Minnesota Council on Latino Affairs
Function: The mission of the Council is to "advise and inform the governor and legislators on matters of importance to Latinos in Minnesota. MCLA does this by consulting with state legislators and the governor's office on what impact proposed policy, procedures, laws or regulations have on Latino Minnesotans. MCLA also conducts research and relays data within various policy areas impacting Minnesota Latinos."
Active dates:2015 -
The Minnesota Council on Latino Affairs was created when the state's ethnic councils were restructured by legislation passed in 2015. The statutory authority for the previous council, the Chicano Latino Affairs Council, was repealed during the same time period. The Chicano Latino Affairs Council was originally created in 1978.
The council must report on the measurable outcomes achieved in the council's current strategic plan to meet its statutory duties, along with the specific objectives and outcome measures proposed for the following year. The council must submit the report by January 15 each year to the chairs of the committees in the House of Representatives and the Senate with primary jurisdiction over state government operations.
Each ethnic council has 15 voting members. Eleven members of each council are public members appointed by the governor. Includes public members with an ethnic heritage from Mexico, any of the countries in Central or South America, Cuba, the Dominican Republic, or Puerto Rico.
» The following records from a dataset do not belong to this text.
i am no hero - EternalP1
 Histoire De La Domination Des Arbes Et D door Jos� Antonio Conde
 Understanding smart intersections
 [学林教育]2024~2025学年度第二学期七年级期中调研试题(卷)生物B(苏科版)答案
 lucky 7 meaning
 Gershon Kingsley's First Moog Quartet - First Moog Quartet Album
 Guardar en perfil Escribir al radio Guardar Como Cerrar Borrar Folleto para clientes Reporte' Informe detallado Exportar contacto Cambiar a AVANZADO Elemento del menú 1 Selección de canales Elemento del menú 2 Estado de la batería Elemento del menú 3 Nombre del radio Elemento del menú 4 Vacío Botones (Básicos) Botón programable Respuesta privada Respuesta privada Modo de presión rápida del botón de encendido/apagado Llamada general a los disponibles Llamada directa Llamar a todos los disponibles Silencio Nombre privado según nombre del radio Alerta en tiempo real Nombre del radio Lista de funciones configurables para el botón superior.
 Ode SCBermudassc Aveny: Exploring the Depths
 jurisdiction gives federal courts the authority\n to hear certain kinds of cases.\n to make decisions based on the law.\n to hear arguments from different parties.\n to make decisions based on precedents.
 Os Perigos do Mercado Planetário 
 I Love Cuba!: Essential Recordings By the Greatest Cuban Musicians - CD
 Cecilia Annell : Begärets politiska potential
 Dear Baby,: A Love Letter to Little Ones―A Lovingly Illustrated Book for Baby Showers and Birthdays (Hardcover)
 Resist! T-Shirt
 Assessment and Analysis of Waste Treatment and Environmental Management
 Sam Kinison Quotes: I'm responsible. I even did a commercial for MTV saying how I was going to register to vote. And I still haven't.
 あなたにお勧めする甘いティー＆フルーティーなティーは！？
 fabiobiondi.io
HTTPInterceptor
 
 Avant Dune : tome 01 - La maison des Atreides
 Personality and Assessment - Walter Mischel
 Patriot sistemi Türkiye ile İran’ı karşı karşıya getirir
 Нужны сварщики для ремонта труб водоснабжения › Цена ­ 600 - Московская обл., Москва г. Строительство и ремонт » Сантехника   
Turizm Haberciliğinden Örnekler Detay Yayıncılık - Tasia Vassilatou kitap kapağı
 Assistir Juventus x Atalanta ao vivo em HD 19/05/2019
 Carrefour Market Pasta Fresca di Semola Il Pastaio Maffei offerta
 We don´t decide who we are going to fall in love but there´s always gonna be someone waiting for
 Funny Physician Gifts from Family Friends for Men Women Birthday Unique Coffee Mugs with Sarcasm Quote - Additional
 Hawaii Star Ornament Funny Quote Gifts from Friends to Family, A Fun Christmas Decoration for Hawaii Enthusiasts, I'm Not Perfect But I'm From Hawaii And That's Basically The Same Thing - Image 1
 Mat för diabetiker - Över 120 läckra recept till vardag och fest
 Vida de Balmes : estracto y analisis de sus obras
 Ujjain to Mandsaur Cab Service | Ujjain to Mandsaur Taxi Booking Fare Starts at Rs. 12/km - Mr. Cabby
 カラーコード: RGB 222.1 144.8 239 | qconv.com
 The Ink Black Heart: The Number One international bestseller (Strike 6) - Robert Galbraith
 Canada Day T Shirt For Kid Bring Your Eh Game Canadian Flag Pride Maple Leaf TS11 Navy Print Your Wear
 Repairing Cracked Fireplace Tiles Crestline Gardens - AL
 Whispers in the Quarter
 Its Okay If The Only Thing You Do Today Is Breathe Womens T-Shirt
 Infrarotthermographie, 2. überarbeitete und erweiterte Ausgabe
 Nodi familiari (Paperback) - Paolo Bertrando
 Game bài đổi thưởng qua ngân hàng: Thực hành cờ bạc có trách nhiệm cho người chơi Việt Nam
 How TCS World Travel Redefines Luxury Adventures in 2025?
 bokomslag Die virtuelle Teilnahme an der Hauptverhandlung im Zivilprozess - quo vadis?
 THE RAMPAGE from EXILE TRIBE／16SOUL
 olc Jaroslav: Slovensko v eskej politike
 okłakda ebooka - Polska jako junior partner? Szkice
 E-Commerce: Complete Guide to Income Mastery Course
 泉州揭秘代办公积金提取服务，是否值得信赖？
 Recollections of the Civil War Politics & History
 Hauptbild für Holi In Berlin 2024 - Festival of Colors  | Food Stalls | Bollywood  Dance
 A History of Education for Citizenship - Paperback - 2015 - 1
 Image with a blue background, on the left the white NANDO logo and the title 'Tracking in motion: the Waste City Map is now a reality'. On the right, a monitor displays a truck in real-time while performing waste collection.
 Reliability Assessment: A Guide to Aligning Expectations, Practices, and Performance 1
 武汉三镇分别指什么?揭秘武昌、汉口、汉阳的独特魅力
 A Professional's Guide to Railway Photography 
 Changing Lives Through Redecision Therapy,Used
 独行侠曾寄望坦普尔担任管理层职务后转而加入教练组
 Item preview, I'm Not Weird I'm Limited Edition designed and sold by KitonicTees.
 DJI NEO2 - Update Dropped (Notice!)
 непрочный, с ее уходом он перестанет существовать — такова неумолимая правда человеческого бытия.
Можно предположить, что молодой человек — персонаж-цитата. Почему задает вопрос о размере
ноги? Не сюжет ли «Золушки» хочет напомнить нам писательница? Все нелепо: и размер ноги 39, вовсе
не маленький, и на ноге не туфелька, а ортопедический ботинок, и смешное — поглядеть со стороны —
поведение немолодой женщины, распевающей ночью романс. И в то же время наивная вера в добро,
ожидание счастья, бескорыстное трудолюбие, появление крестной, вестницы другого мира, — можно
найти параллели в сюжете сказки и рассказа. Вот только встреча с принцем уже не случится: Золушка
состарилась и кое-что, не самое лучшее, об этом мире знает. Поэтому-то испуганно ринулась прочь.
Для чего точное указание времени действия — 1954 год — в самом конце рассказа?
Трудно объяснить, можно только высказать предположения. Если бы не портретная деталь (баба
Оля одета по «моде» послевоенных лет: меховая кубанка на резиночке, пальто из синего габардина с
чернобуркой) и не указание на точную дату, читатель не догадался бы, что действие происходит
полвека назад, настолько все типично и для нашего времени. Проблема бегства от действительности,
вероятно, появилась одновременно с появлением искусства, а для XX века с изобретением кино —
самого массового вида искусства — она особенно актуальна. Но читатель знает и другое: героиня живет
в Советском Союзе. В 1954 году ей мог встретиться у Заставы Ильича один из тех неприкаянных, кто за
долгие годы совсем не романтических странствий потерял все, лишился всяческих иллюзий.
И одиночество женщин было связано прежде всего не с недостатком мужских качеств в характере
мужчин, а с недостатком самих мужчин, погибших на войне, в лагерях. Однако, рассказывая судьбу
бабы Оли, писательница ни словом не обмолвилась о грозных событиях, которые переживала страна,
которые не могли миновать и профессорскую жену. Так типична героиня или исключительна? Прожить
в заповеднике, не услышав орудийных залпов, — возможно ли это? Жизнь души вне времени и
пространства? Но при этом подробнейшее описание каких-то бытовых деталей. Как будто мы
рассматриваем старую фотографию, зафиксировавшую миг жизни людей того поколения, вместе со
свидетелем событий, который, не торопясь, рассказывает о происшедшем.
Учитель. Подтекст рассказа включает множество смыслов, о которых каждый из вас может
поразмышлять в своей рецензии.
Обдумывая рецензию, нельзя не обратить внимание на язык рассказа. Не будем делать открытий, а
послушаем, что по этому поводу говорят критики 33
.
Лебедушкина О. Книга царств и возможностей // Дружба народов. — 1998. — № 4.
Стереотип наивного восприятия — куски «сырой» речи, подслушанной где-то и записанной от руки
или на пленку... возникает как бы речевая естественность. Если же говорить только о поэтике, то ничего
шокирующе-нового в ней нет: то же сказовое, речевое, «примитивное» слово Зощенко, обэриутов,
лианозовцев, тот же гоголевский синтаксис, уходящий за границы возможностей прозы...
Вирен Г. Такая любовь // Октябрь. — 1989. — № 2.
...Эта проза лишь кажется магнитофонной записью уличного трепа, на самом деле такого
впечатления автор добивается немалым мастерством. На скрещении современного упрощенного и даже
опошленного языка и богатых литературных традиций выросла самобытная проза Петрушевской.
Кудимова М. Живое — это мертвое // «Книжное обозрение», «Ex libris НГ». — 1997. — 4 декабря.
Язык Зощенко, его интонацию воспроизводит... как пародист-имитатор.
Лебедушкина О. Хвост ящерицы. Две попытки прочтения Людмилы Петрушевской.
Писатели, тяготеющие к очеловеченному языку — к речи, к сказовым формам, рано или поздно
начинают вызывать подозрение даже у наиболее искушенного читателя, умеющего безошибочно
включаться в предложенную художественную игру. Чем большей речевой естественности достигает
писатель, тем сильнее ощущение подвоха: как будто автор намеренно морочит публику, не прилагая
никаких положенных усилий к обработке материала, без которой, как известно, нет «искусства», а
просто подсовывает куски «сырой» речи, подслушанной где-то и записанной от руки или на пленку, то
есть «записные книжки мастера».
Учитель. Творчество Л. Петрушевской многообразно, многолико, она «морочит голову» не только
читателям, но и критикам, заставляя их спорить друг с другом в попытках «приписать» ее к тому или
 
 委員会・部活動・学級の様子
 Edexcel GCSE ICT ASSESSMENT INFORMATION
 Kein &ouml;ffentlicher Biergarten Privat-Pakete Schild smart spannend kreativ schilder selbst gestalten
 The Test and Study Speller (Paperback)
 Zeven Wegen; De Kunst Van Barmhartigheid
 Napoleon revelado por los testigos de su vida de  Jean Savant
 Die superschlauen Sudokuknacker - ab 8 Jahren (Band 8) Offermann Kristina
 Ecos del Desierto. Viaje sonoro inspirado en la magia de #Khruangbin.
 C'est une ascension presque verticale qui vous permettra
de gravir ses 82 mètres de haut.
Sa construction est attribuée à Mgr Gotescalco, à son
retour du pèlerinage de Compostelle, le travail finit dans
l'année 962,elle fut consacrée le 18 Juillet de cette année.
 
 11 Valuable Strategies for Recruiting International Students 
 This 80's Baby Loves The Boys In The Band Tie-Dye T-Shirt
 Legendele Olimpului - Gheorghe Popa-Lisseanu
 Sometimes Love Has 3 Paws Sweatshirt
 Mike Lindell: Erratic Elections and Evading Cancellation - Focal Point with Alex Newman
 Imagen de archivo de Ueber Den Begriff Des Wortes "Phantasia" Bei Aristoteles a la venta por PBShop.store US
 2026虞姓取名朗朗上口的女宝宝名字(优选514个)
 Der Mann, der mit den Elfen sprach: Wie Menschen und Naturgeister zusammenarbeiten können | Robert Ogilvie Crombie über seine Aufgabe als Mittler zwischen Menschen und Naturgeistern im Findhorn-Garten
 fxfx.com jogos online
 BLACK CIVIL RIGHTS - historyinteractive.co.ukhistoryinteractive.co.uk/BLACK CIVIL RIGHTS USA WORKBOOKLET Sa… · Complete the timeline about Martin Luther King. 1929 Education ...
Four members of each council are legislators. Must include one member representing each of the state's congressional districts and three members appointed at-large. The council must include at least five women. The governor must attempt to ensure that the demographic composition of council members accurately reflects the demographic composition of Minnesota's Latino community, including recent immigrants, as determined by the state demographer. Four legislators are voting members of each council. The Speaker of the House and the House Minority Leader shall each appoint one member to each council. The Subcommittee on Committees of the Senate Committee on Rules and Administration shall appoint one member of the majority caucus and one member of the minority caucus to each council.
The governor may appoint a commissioner of a state agency or a designee of that commissioner to serve as an ex-officio, nonvoting member of a council. A member appointed by the governor may serve no more than a total of eight years on a council. A legislator may serve no more than eight consecutive years or 12 nonconsecutive years on any one council. The Legislative Coordinating Commission must appoint an executive director for each council.
Executive Director: Henry Jimenez (December 2015- ).